** PROVIDED RECORDS **
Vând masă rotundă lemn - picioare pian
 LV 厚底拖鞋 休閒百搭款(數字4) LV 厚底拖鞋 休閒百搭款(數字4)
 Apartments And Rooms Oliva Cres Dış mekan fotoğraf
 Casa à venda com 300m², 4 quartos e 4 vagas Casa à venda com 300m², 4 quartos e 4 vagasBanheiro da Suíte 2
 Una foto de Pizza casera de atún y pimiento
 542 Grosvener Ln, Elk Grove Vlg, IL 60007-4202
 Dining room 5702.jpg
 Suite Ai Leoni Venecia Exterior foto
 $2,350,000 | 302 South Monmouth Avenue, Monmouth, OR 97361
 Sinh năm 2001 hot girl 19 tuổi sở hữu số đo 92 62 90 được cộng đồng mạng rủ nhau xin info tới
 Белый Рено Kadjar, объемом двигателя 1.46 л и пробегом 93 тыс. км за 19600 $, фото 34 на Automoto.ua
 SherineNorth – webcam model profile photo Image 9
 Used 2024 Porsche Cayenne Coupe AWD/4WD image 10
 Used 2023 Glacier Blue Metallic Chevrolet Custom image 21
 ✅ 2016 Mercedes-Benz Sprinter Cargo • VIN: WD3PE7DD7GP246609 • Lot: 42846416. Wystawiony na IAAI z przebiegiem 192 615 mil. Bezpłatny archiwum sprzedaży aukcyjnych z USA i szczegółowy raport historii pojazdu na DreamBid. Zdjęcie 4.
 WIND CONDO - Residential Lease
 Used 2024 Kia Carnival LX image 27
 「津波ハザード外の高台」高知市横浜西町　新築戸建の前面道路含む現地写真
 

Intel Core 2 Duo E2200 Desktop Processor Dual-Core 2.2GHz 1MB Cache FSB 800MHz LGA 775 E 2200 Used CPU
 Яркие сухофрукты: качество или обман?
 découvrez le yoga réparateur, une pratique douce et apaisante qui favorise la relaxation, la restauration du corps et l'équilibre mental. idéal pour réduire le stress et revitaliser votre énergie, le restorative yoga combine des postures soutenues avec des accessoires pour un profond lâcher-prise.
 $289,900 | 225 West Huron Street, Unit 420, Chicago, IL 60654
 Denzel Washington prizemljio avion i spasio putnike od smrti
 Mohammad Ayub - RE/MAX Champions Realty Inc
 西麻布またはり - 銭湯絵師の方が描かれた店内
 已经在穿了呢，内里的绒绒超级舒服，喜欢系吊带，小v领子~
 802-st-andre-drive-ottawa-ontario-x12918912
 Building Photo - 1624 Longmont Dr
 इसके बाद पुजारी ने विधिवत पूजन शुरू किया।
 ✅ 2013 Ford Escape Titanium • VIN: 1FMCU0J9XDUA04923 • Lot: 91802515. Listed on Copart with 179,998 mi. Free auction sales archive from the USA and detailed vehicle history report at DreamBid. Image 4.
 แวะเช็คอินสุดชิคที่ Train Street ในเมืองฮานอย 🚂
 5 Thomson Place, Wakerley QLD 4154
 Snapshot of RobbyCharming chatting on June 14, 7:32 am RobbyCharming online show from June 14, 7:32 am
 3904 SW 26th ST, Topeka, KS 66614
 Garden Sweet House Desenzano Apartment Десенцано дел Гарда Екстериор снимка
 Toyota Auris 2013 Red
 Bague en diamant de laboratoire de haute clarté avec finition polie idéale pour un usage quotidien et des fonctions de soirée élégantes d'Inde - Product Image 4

** YOUR OBJECTIVE **
All lines from the first line of the listing above through the line containing "इसके बाद पुजारी ने विधिवत पूजन शुरू किया।" are to be retyped exactly. Leave out any other line.

** SOLUTION FOR THIS TASK **
Vând masă rotundă lemn - picioare pian
 LV 厚底拖鞋 休閒百搭款(數字4) LV 厚底拖鞋 休閒百搭款(數字4)
 Apartments And Rooms Oliva Cres Dış mekan fotoğraf
 Casa à venda com 300m², 4 quartos e 4 vagas Casa à venda com 300m², 4 quartos e 4 vagasBanheiro da Suíte 2
 Una foto de Pizza casera de atún y pimiento
 542 Grosvener Ln, Elk Grove Vlg, IL 60007-4202
 Dining room 5702.jpg
 Suite Ai Leoni Venecia Exterior foto
 $2,350,000 | 302 South Monmouth Avenue, Monmouth, OR 97361
 Sinh năm 2001 hot girl 19 tuổi sở hữu số đo 92 62 90 được cộng đồng mạng rủ nhau xin info tới
 Белый Рено Kadjar, объемом двигателя 1.46 л и пробегом 93 тыс. км за 19600 $, фото 34 на Automoto.ua
 SherineNorth – webcam model profile photo Image 9
 Used 2024 Porsche Cayenne Coupe AWD/4WD image 10
 Used 2023 Glacier Blue Metallic Chevrolet Custom image 21
 ✅ 2016 Mercedes-Benz Sprinter Cargo • VIN: WD3PE7DD7GP246609 • Lot: 42846416. Wystawiony na IAAI z przebiegiem 192 615 mil. Bezpłatny archiwum sprzedaży aukcyjnych z USA i szczegółowy raport historii pojazdu na DreamBid. Zdjęcie 4.
 WIND CONDO - Residential Lease
 Used 2024 Kia Carnival LX image 27
 「津波ハザード外の高台」高知市横浜西町　新築戸建の前面道路含む現地写真
 

Intel Core 2 Duo E2200 Desktop Processor Dual-Core 2.2GHz 1MB Cache FSB 800MHz LGA 775 E 2200 Used CPU
 Яркие сухофрукты: качество или обман?
 découvrez le yoga réparateur, une pratique douce et apaisante qui favorise la relaxation, la restauration du corps et l'équilibre mental. idéal pour réduire le stress et revitaliser votre énergie, le restorative yoga combine des postures soutenues avec des accessoires pour un profond lâcher-prise.
 $289,900 | 225 West Huron Street, Unit 420, Chicago, IL 60654
 Denzel Washington prizemljio avion i spasio putnike od smrti
 Mohammad Ayub - RE/MAX Champions Realty Inc
 西麻布またはり - 銭湯絵師の方が描かれた店内
 已经在穿了呢，内里的绒绒超级舒服，喜欢系吊带，小v领子~
 802-st-andre-drive-ottawa-ontario-x12918912
 Building Photo - 1624 Longmont Dr
 इसके बाद पुजारी ने विधिवत पूजन शुरू किया।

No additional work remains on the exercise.